Sorrentino serves up a cinema banquet at Cannes
CANNES, France (AP) Paolo Sorrentino has a thing about food appropriately enough, for the director of a sumptuous feast of a film, "The Great Beauty."
The Italian auteur's Cannes Film Festival entry is a journey through Rome in the company of observant but aimless writer Jep Gambardella (actor Toni Servillo). Sorrentino's camera takes viewers through the sacred, profane and teeming streets to medieval churches and grand palazzi, modernist homes and debauched poolside parties. All are wearily watched by Jep, who is turning 65 and trying to recapture his passion for life.
Along the way the film provides sharp portraits of characters who have lost their way amid the endless distractions of urban living including a Roman Catholic Cardinal too busy dispensing his favorite recipes to offer spiritual counsel. It's one of many signs in the film of a society that has come unmoored from its bearings.
"When I think about it, I find it's quite extravagant the way everyone talks about food," the director said during an interview in Cannes. "I think this obsession with food has reached people who should deal with the Holy Spirit.
"I fall into the trap myself," he admitted. "One of my favorite shows is 'Masterchef.'"
"The Great Beauty" the title can refer to the Eternal City, or to life itself has been well received at Cannes, where Servillo is being mentioned as a candidate for the best-actor prize in Sunday's awards.
Some viewers, though, found it overwhelming: too rich in strange and beautiful imagery a flock of flamingoes and a giraffe make memorable appearances and too suffused with talk and ideas.
Sorrentino says that's partly the point life and Rome are both overwhelming.

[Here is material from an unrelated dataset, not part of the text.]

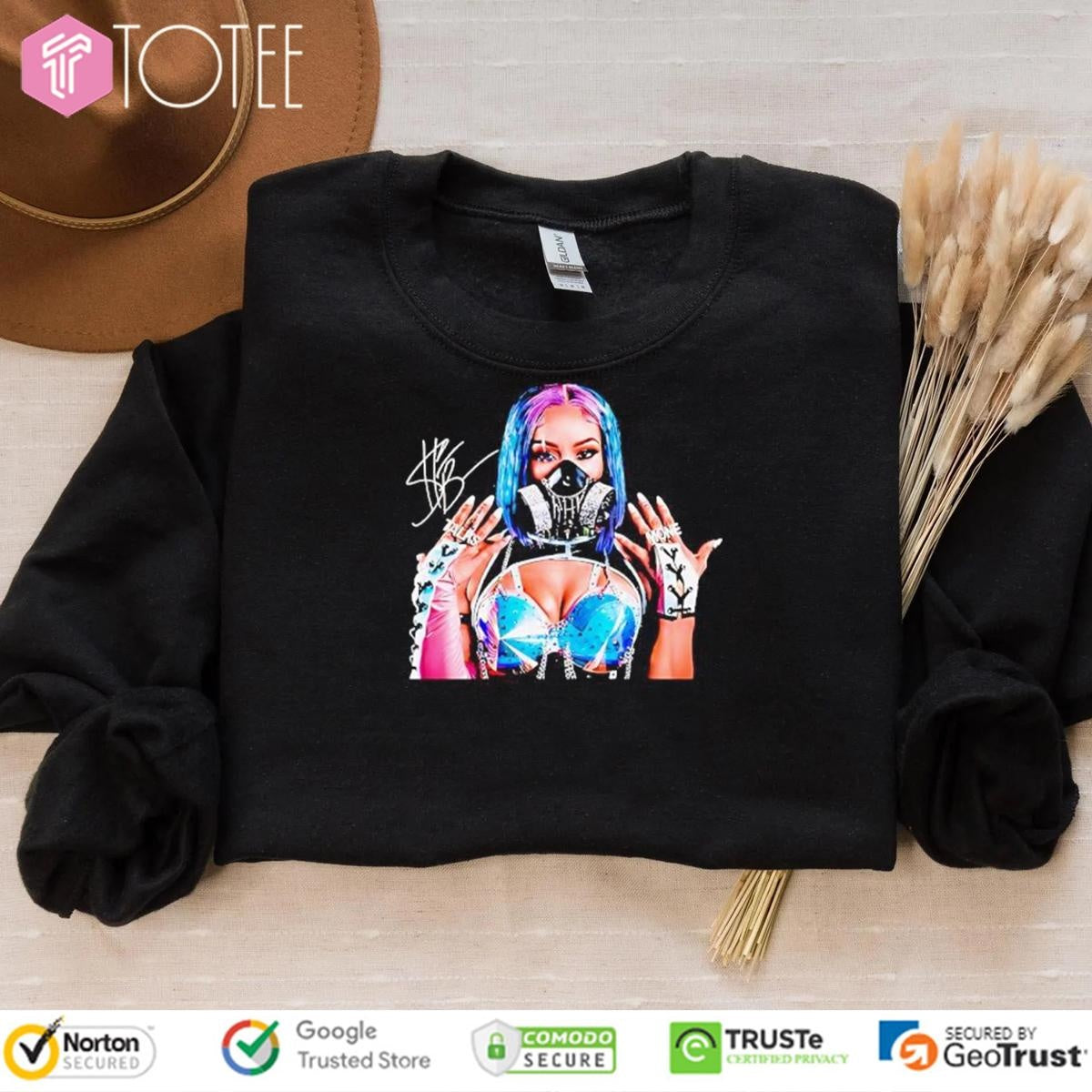 Sasha Banks Portrait Signature T-shirt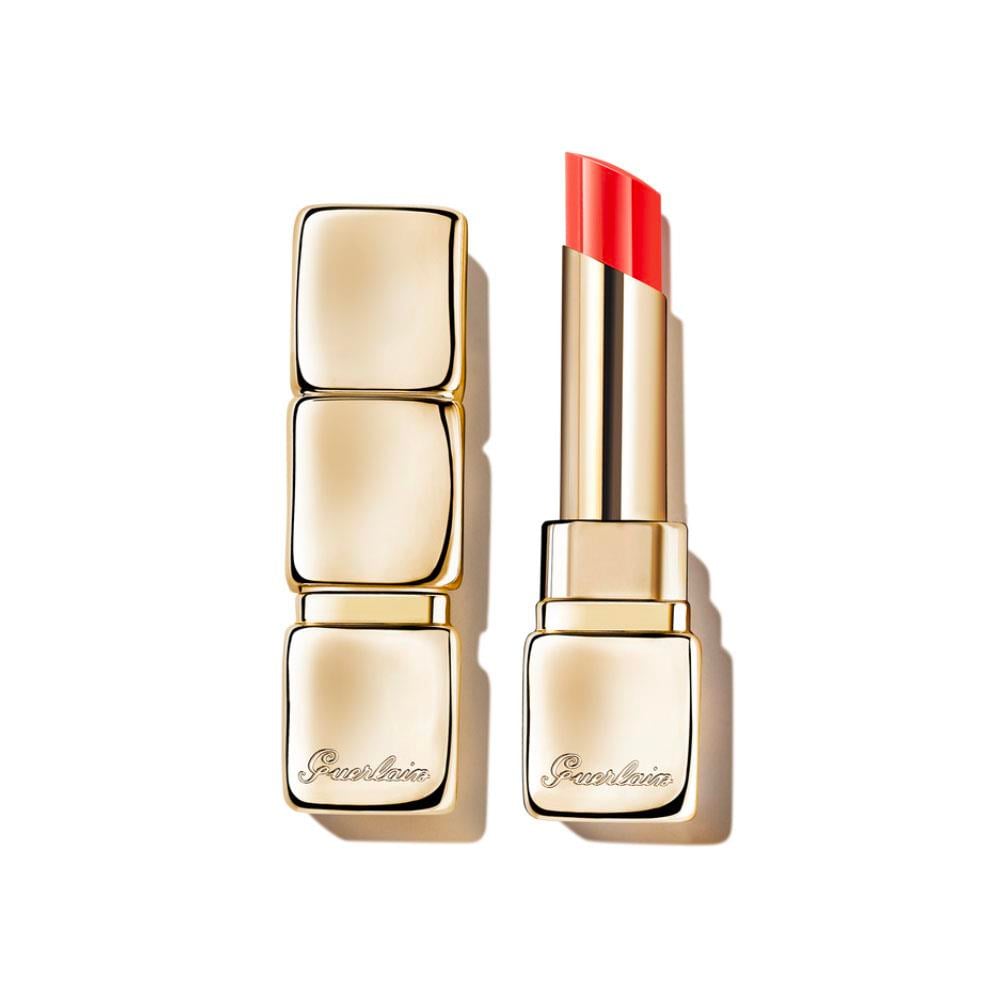 GuerlainKiss Kiss Shine Bloom Lipstick 319 Peach Kiss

One early scene shows a tourist photographing a sublime view of Rome, and keeling over dead.
"The perception of beauty is one of the strongest feelings you can have. You can even die from it," said Sorrentino, a weary-eyed man most people are after a few days at the festival who is given to succinct answers.
Or, the film suggests, you can simply be numbed into aimlessness by the distractions of urban life.
Sorrentino said the original idea for the movie came from the image of "a very long party."
"I wanted to reproduce the idea that sometimes you go to parties with extremely high expectations, and then you are longing to get away as quickly as you can," he said.
"Our country offers marvelous opportunities, but people don't seize them, because they're too busy partying and enjoying themselves. That's why we have so many missed opportunities.
"If I wanted to give a political interpretation of the movie, I'd say the theme was missed opportunities.
"But the film focuses on feelings, on human beings' feelings, which are undermined by the fatigue of living, of human existence. I think that is not just an Italian characteristic."
In contrast to his main character, a 65-year-old writer coasting on the success of his sole novel, 42-year-old Sorrentino is impressively prolific. One of 20 films in the running for Cannes' coveted Palme d'Or, "The Great Beauty" is Sorrentino's fifth movie to compete at the festival. He won the third-place Jury Prize in 2008 for "Il Divo" a dramatization of the life of Italian politician Giulio Andreotti and was last here in 2011 with his English-language comedy-drama "This Must Be the Place," which starred Sean Penn as a rock star.
"The Great Beauty" takes him back to Italy, and with its air of melancholy and regret, feels like the work of a much older director.
"I take that as a compliment," Sorrentino said. "I hope that when I get older I'll have the opportunity to make the movies I should have made when I was young.
"I'm trying not to waste my time. I'm trying to seize opportunities when I can, because I'm a lucky man my job is connected to my amusement. Job and fun in my case coincide. I work a lot because I like it a lot."